Re: More snapshots stuff-reply

Kenneth Robert Wright (kright@OREGON.UOREGON.EDU)
Sat, 20 Jan 1996 09:20:17 -0800


On Sat, 20 Jan 1996, Claudine Keenan wrote:
>
> Perhaps the weirdest aspect of all of this is that we expect students going
> out of high school to have metamorphasized over the course of what is
> usually the last summer of leisure in their _lives_, into "serious students"
> who are ready to apply the skills they have learned to more rigorous tasks,
> without much of a transition. For those of us who teach composition, who
> daily emphasize the importance of transition in writing sentences and
> paragraphs, it is ironic that we cannot provide our students with practice
> in what we preach for transition within their own lives.
>

Maybe we could . . . with time.

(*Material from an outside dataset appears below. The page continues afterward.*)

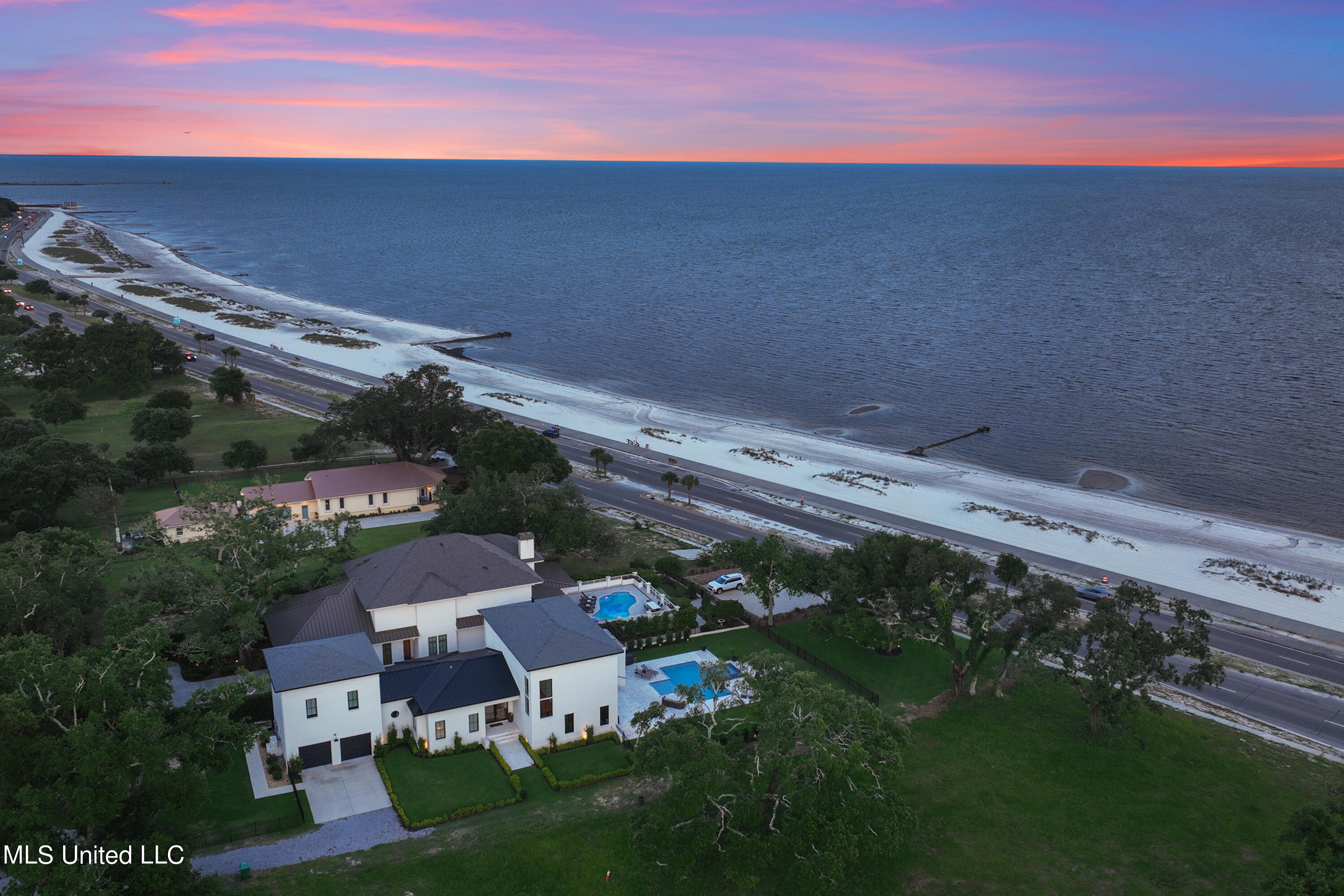 922 E Beach Boulevard Property Photo 137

But we are increasingly required to
teach writing as if, as many have said, performing triage in an
over-crowded emergency room. With time we could assist students with the
transition from high school discourse to college discourse, from writing
in response to an assignment, persuming that that is what's done in most
high schools, to writing as a mode of inquiry common to a university.
Instead, we can only, I feel, touch on the important aspects of college
writing over a semester (14-15 weeks) or two terms (20 weeks), hoping that
they sink in to bubble up later when our students have to write in
another class.

However, what I had forgotten until just this morning is that triage is
not only deciding who to treat and in what order, it is also deciding who
dies. We, of course, don't consciously pick out students to "die," but
the constraints on our time mean that some don't make it and that some
go on without having gained sufficient control over college discourse.